Green has her Ph.D. in astronomy from The University of Texas at Austin and specializes in solar system dirt. She has over 20 years of experience working with NASA and the Jet Propulsion Laboratory.

Now, through Agate Biosciences, Kern and Green provide scientific and engineering consulting for greenhouse hydroponics. They, along with Giacomelli and others, are optimistic that agriculture will take root on the Moon and Mars, and that food production on Earth will benefit from this new frontier.

Giacomelli believes that one of the most significant applications for extraterrestrial food production is water conservation. All food produced on the Moon and Mars will have to come from a closed system, with 100 percent of the water used being recycled.

“This could push the envelope in some way to utilize water more efficiently,” he says.

So how close are scientists to making agricultural production on places other than Earth a reality? Referring to the recent harvest of romaine lettuce on board the International Space Station, Giacomelli says the technology for extraterrestrial production already exists. But technology is still lacking in its ability to build habitats on the Moon and Mars, and the heavy lift rocketry that would be required for a project of this scope is simply not a reality yet.

Despite these current obstacles, Giacomelli hopes that agriculture can be established on the Moon in the next 25 years.

Kern, who feels that an ability to produce food on Mars is necessary for future human habitation on the planet, could become reality as early 2030. But agriculture will happen on the Moon before it does on Mars.

“The Moon is a stepping stone on the road to Mars,” he says.

Three closed loops—oxygen, fresh water and biomass—will be required to grow food in extraterrestrial environments, says Giacomelli.
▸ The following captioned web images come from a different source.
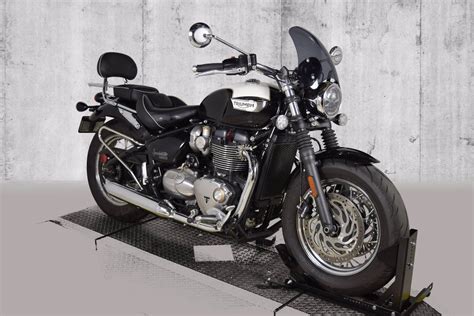 Home › new motorcycle guide in terms of standard features, the bonneville speedmaster comes standard with a digital gauge, a pair. Pre-Owned 2019 Triumph Bonnevile Speedmaster Cruiser in ...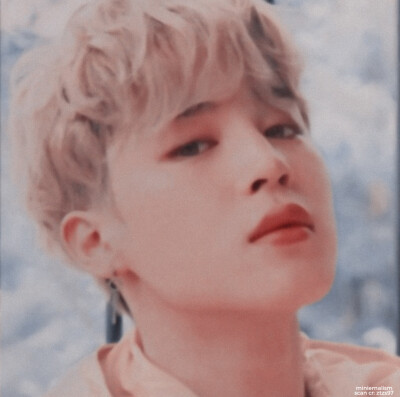 “あなたは万花の間のバラの恋です”
“PARK JIMIN SEXY MONMENT”
cr/tumblr ​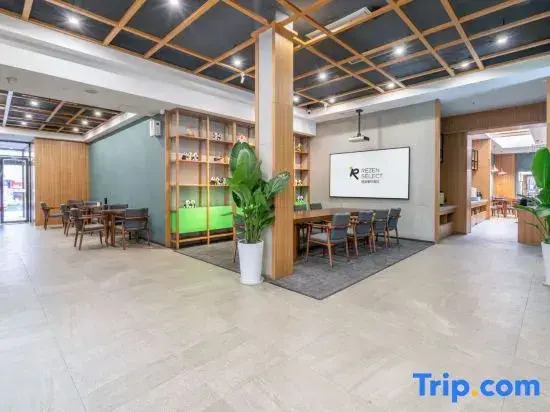 voco Chengdu Chunxi Road by IHG
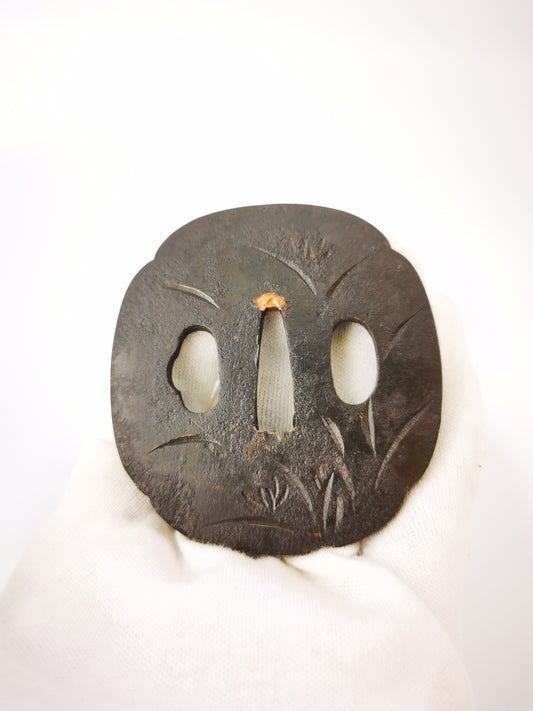 Japanese Orchid Quince-shaped Tsuba for Katana Wakziashi Edo Period Antique A345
But the cost is currently getting in the way.

“It will be a slow process,” he says. “Our priorities are elsewhere at the moment.”

But with climate change, greater demands for food production and continued population growth, there will be renewed focus on food and water, he predicts.

“This points to life support on other planets,” he says. “And we will learn more about Earth.”

Giacomelli also sees a renewed interest in sustainable agriculture, which makes him happy.

“Our entire society has diminished in agriculture,” he says. “We have limits on education to produce food—it is changing, and it needs to change.”

“We see now as the founding of Martian agriculture,” says Kern, who anticipates the beginning of Martian agriculture starting with a robotic spacecraft containing greenhouse aspects landing on Mars.